**Exercise aim:** Copy word for word the line containing "ВАРИКОЗ КАСАЛЛИГИ" together with all lines following it to the end of the listing below, without the pictures.
[Input data]
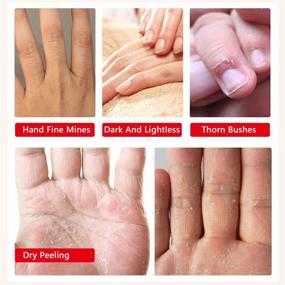 img 2 attached to Hydrating Hand Spa: 4 Pack Moisturizing Gloves Infused with Collagen, Serum, Vitamins, and Natural Extracts for Repairing Dry, Cracked Hands in Women & Men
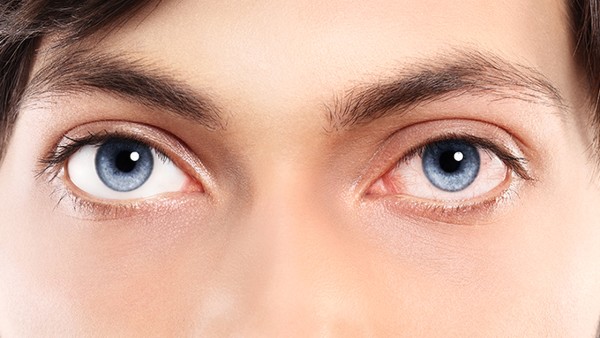 怎样预防干眼症复发
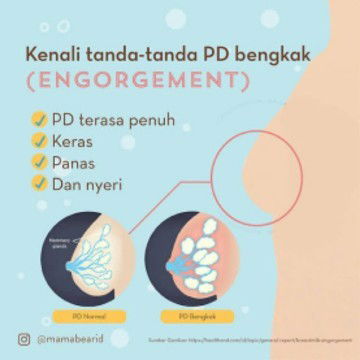 tentang PD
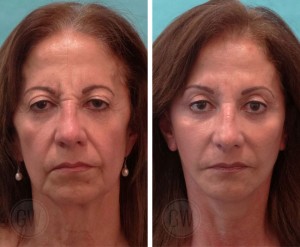 Facelift + neck lift + upper blepharoplasty + facial fat grafting + skin resurfacing + wrinkle relaxer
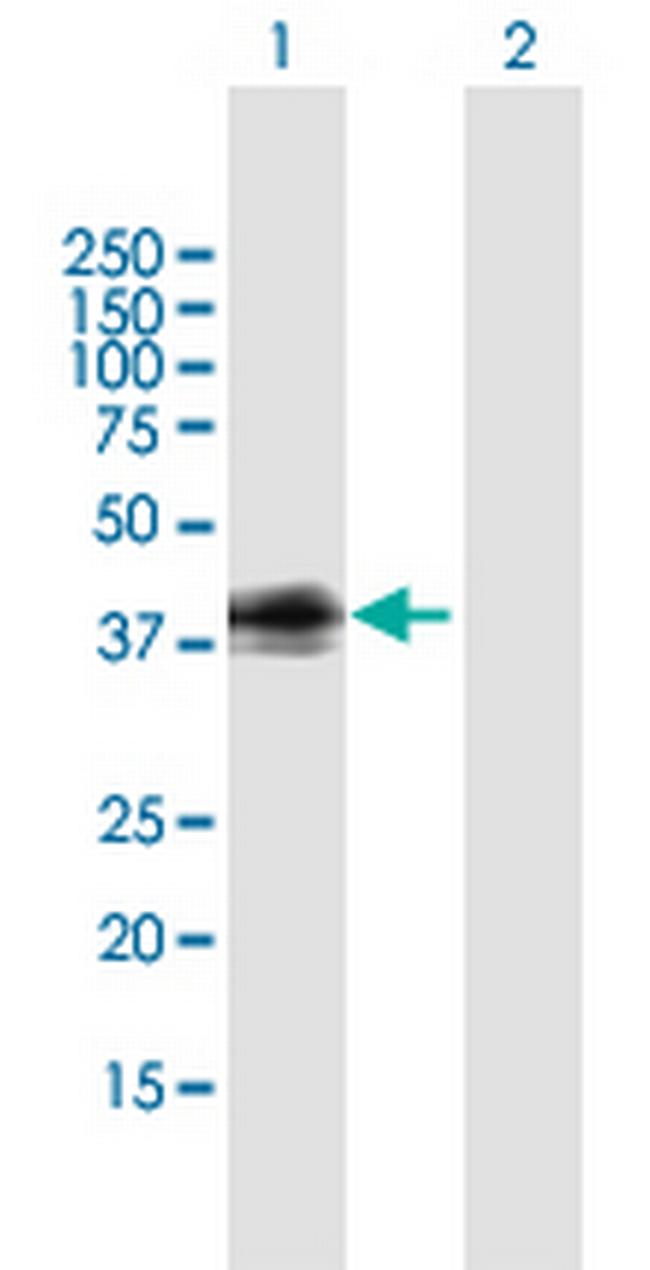 GPR1 Antibody in Western Blot (WB)
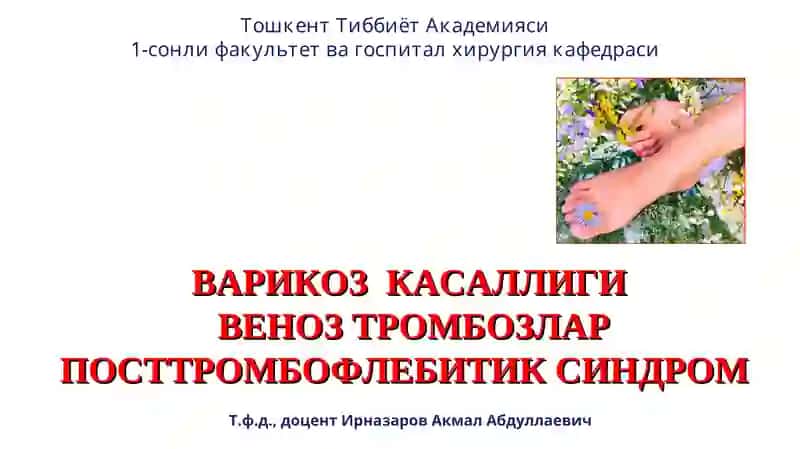 ВАРИКОЗ КАСАЛЛИГИ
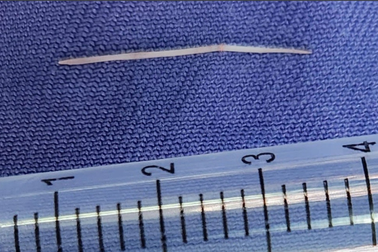 Chữa mẹo sau khi hóc xương cá, người phụ nữ nhập viện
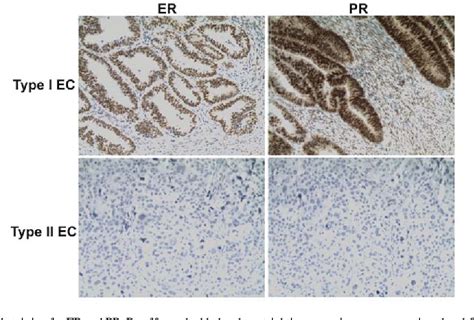 figure 1 from mir 449a functions as a tumor suppressor in endometrial cancer by targeting cdc25a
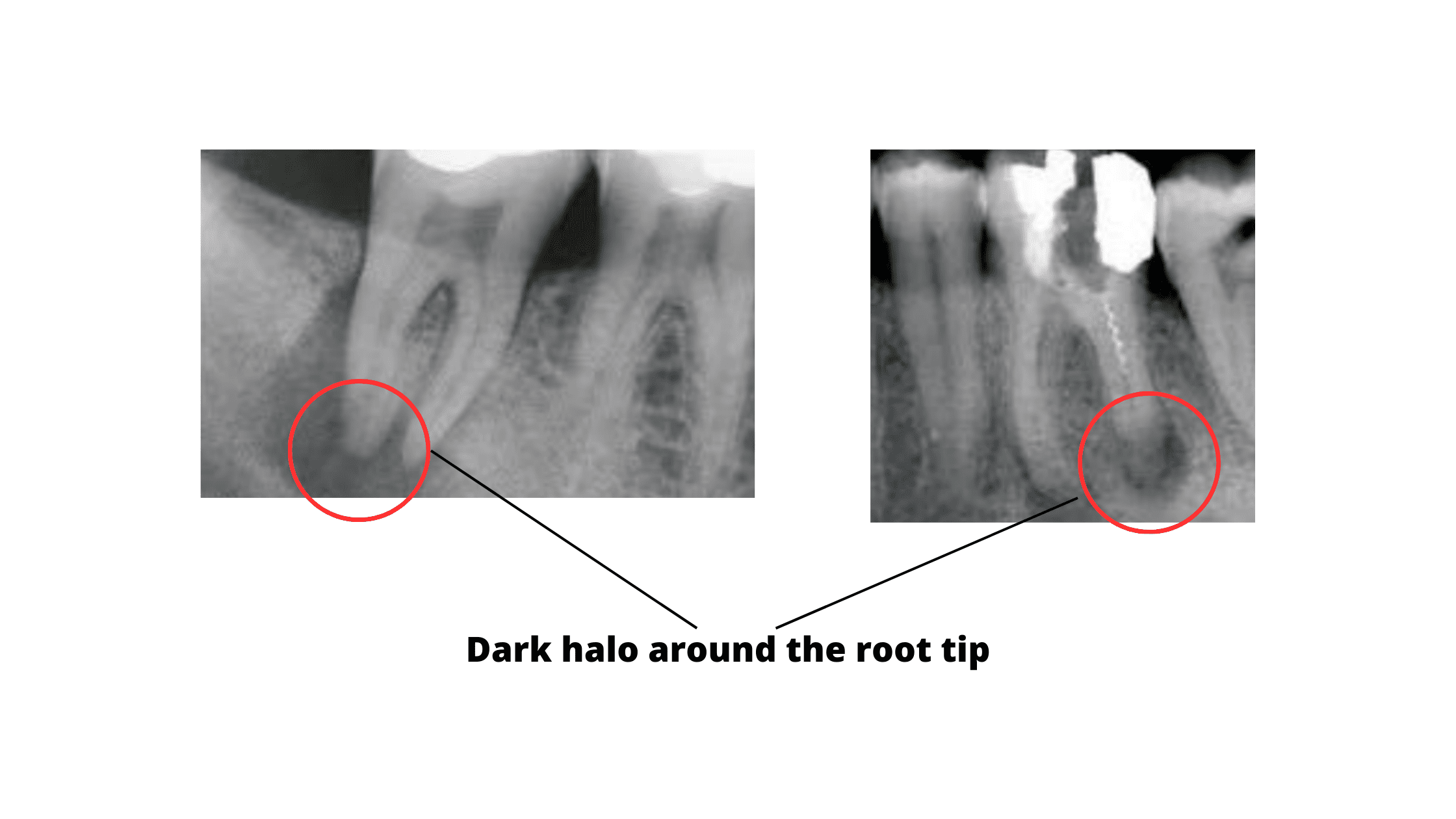 X-rays showing dark halo around the root tip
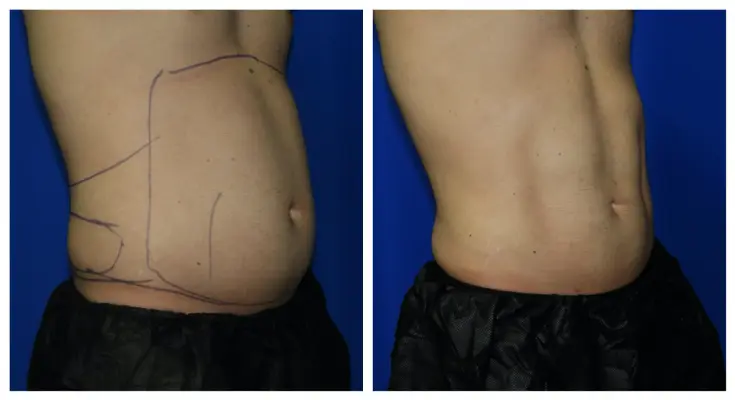 بهترین روش لاغری بدون جراحی کدام است؟ - بررسی 16 روش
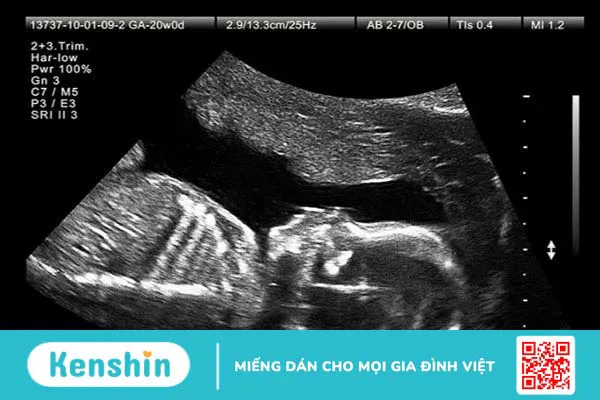 Siêu âm 2D và 4D cái nào chính xác hơn? Siêu âm 2D và 4D khác nhau thế nào? 1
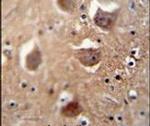 TDRD7 Antibody in Immunohistochemistry (IHC)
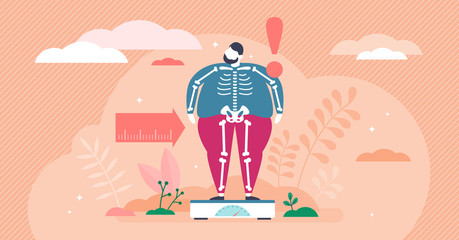 Overweight concept, flat tiny person vector illustration - obrazy, fototapety, plakaty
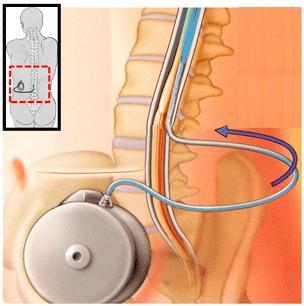 6-Tratamento do paralisia cerebral-bomba de Baclofeno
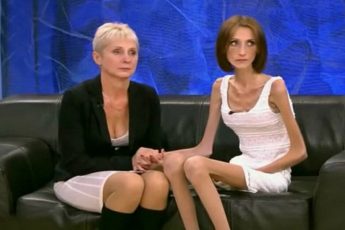 Как сейчас выглядит Анна Егрчукова, которая весила 26 кг при росте 168 см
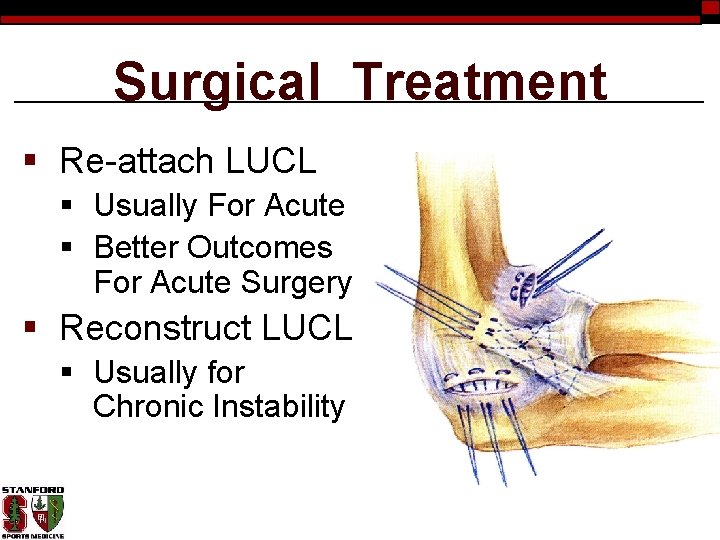 Surgical Treatment § Re-attach LUCL § Usually For Acute § Better Outcomes For Acute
[/Input data]
**Task solution:**
 ВАРИКОЗ КАСАЛЛИГИ
 Chữa mẹo sau khi hóc xương cá, người phụ nữ nhập viện
 figure 1 from mir 449a functions as a tumor suppressor in endometrial cancer by targeting cdc25a
 X-rays showing dark halo around the root tip
 بهترین روش لاغری بدون جراحی کدام است؟ - بررسی 16 روش
 Siêu âm 2D và 4D cái nào chính xác hơn? Siêu âm 2D và 4D khác nhau thế nào? 1
 TDRD7 Antibody in Immunohistochemistry (IHC)
 Overweight concept, flat tiny person vector illustration - obrazy, fototapety, plakaty
 6-Tratamento do paralisia cerebral-bomba de Baclofeno
 Как сейчас выглядит Анна Егрчукова, которая весила 26 кг при росте 168 см
 Surgical Treatment § Re-attach LUCL § Usually For Acute § Better Outcomes For Acute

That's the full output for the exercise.